Autre solution parfois suggérée : cibler davantage les moyens là où les besoins sont les plus importants. Dans les zones les plus sensibles, mais aussi dans les moments cruciaux pour les apprentissages. « En France, on a une pratique de l'égalité numérique, observe Moktar Bachour, coordonnateur de l'éducation prioritaire pour l'académie de Toulouse. On baisse le nombre d'élèves à 20 par classe. Or, nous savons que le cours préparatoire  (CP) est un niveau charnière : pourquoi ne pas donner un maître supplémentaire au CP, pris sur les moyens des autres classes ? Mais une telle idée provoque une levée de boucliers. »

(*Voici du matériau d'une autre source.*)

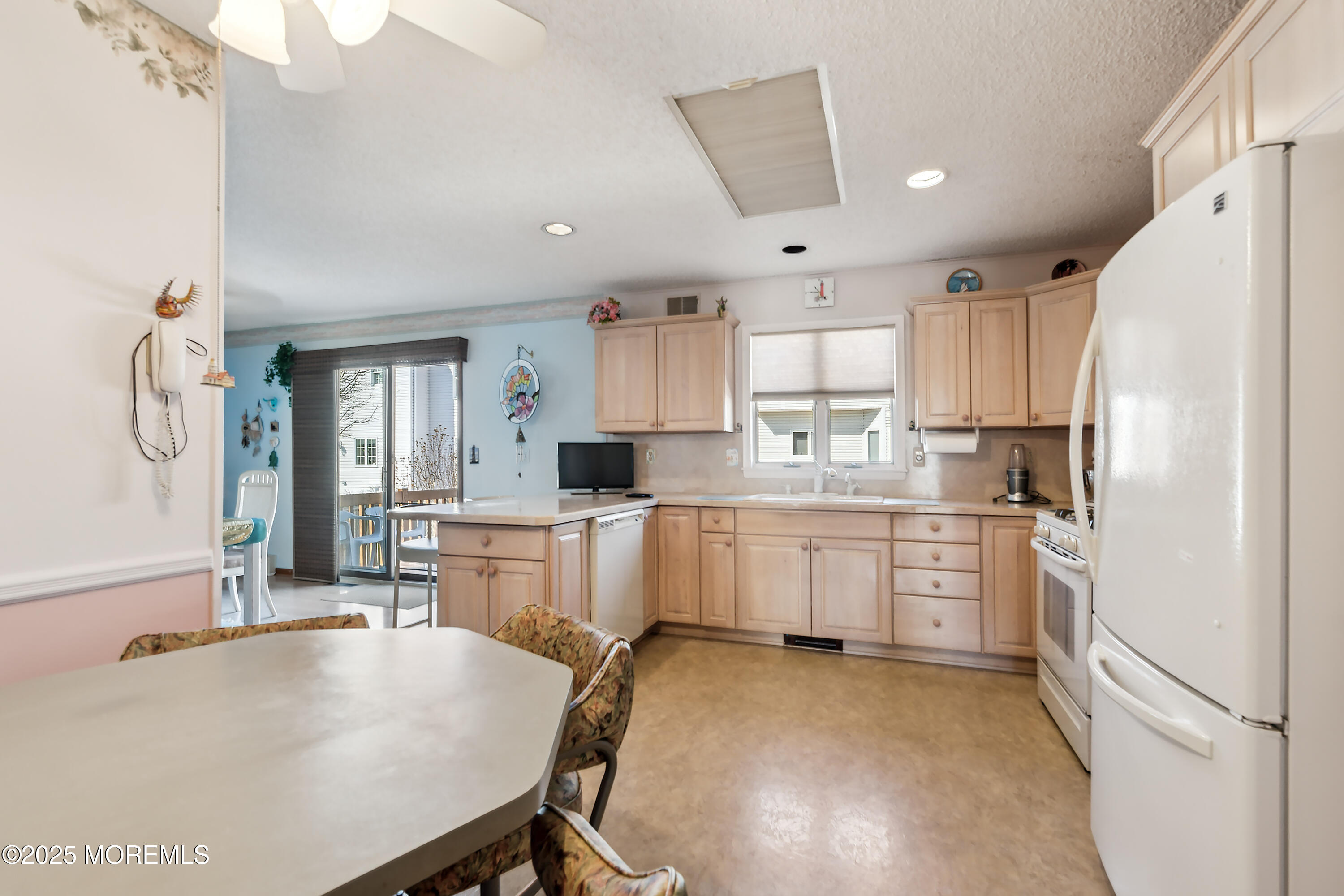 3298 Long Point Drive, Toms River, New Jersey image 15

Au fil de leurs 20 années d'existence, les ZEP ont souffert d'une alternance de périodes où elles étaient conçues comme prioritaires et de périodes de sommeil. Elisabeth Bautier, qui dirige l'équipe de recherche Escol à l'université Paris- VIII, dénonce plus globalement le déficit de pilotage de l'éducation prioritaire. « Il n'y a pas d'énoncé clair des objectifs au niveau national, pas de débat ; c'est une politique de gestion dans le court terme, sur deux ou trois ans. Le désengagement du politique contraint les acteurs locaux à faire face à du quotidien, à contenir les explosions. Il faudra pourtant bien répondre à ces questions : Que veut-on faire exactement ? Quelle politique pour une école en milieu populaire ? »

Sandrine Pageau

Notes

(1)  A l'occasion du XXe anniversaire des ZEP - Voir ASH n° 2253 du 8-03-02.

(2)  Publiées dans la revue Education et formation n°61 - Octobre-décembre 2001 - 12,20  €.

(3)  Auteur de Comment réussir en ZEP - Retz - 2000.

(4)  L'école de la périphérie, ségrégation et scolarité en banlieue - PUF - 2001.

(5)  Circulaires des 1er juillet et 28 décembre 1981. Les premières ZEP sont mises en place à la rentrée 1981.

(6)  Les études nationales montrent une surreprésentation d'enfants d'ouvriers ou d'inactifs dans les ZEP : plus de 62 % des élèves sont d'origine défavorisée, contre 39 % dans les établissements hors ZEP.